In the current stage of the world, when some 200 countries have been recognized as independent states with the right to participate in the United Nations —ridiculous legal fiction—, the only chance to forge a ray of hope is by leading the masses, in a rational and calm way, to the understanding that all the inhabitants of the planet are facing a grave risk.
Within our limited relations, we have had the opportunity, in less than three weeks, to receive two eminent figures. The first one was Alan Robock, an emeritus researcher and professor at Rutgers University, New Jersey. While working with a group of courageous colleagues, the US scientist proved the Nuclear Winter theory and advanced it to its current level. Only 100 of the 25,000 strategic nuclear weapons that exist today would be enough to cause this tragedy, he explained.
The Nuclear Winter theory has shown that “If such weapons did not exist, they could not be used.

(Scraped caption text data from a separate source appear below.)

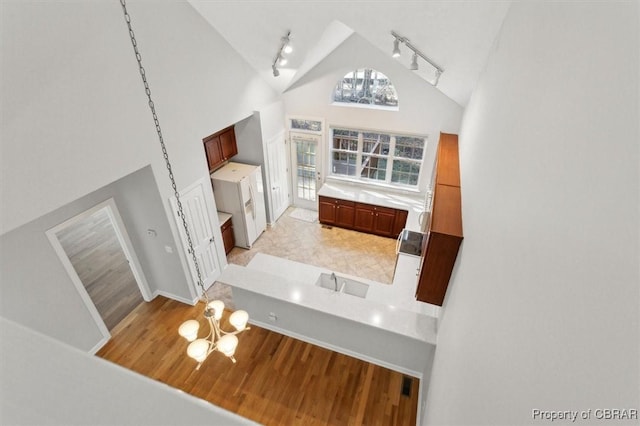 living room with high vaulted ceiling and track lighting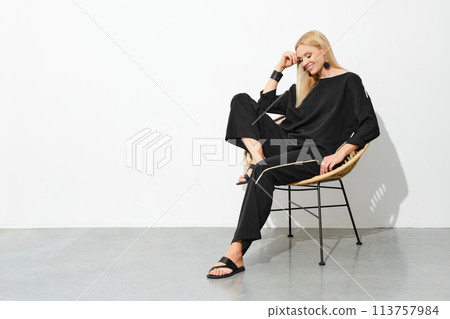 Smiling blonde woman in black home clothes Smiling blonde woman in black home clothes 113757984
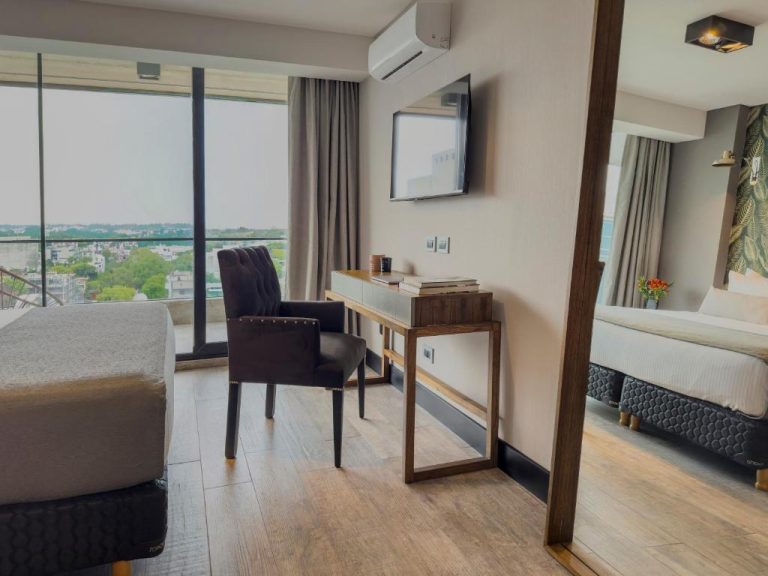 Habitación con escritorio, TV y amplia ventana con vista panorámica en Casa Joseph Libertador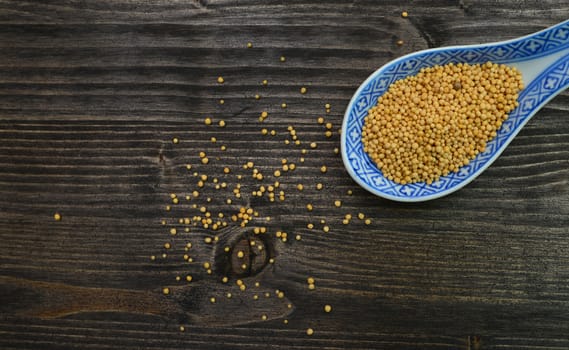 mustard seeds spoon over dark wood background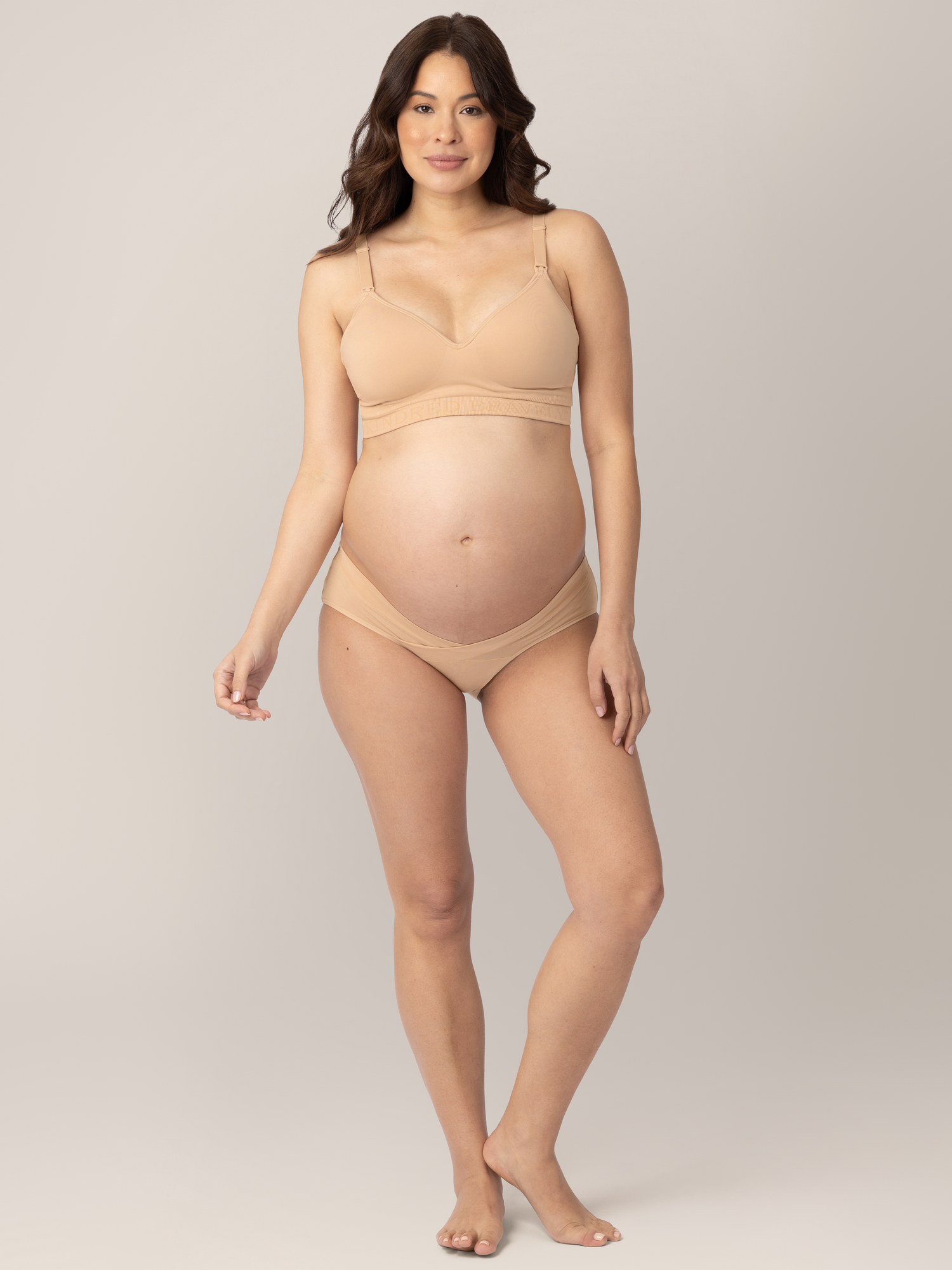 Front view of a pregnant model wearing the Under-the-Bump Bikini Underwear in Neutrals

And at present, there is absolutely no rational argument for their use. If they cannot be used, they must be destroyed. By doing so we would protect ourselves from accidents, mistaken calculations or any bouts of insanity.”
“…Any country that at present may be considering the nuclear option must acknowledge that by adopting such a decision, it would be endangering not only its own population but the entire world.
“… The use of nuclear weapons in the event of a total attack against an enemy would be suicidal due to the anomalous cold and darkness caused by the smoke from the fires generated by the bomb.”
Robock quoted Einstein: “The unleashed power of the atom has changed everything save our modes of thinking and we thus drift toward unparalleled catastrophe.”
My reply to the noble scientist was: “It makes no difference if we know about this, what is needed is for the world to know.”
On October 2, another eminent figure of great authority and prestige arrived in our country, economist Michel Chossudovsky, the director of the Center for Research on Globalization and chief editor of the renowned and increasingly influential Website Global Research. He is an emeritus professor at the University of Ottawa and a consultant for several international institutions, including the United Nations Development Program, the African Development Bank, the United Nations Population Fund. He has an extensive list of other connections and merits that would take a long time to mention.
One of the first activities of the Canadian economist and writer was a lecture he gave to students, professors and researchers in economics, at the Manuel Sanguily Theater, University of Havana. He presented his lecture and answered all questions in perfect Spanish; a commendable effort. I noted down the main ideas from his presentation, especially those related to the risk of war employing atomic weapons.
“…in the Universities of North America, the neoliberal economy represents totally fictitious realities. It is very difficult for economists […] to analyze the economic reality […] there is no notion of the economic actor.”
“…the financial manipulation of covert operations by power groups, of the fraud entailed by this economic system […] is something beyond the control of individuals…”
“At present, I would like to focus more on the issue of the military venture underway. It is an alliance between the United States, NATO and Israel: a military project, but at the same time, an economic project, since it is a project aimed at economic conquest.”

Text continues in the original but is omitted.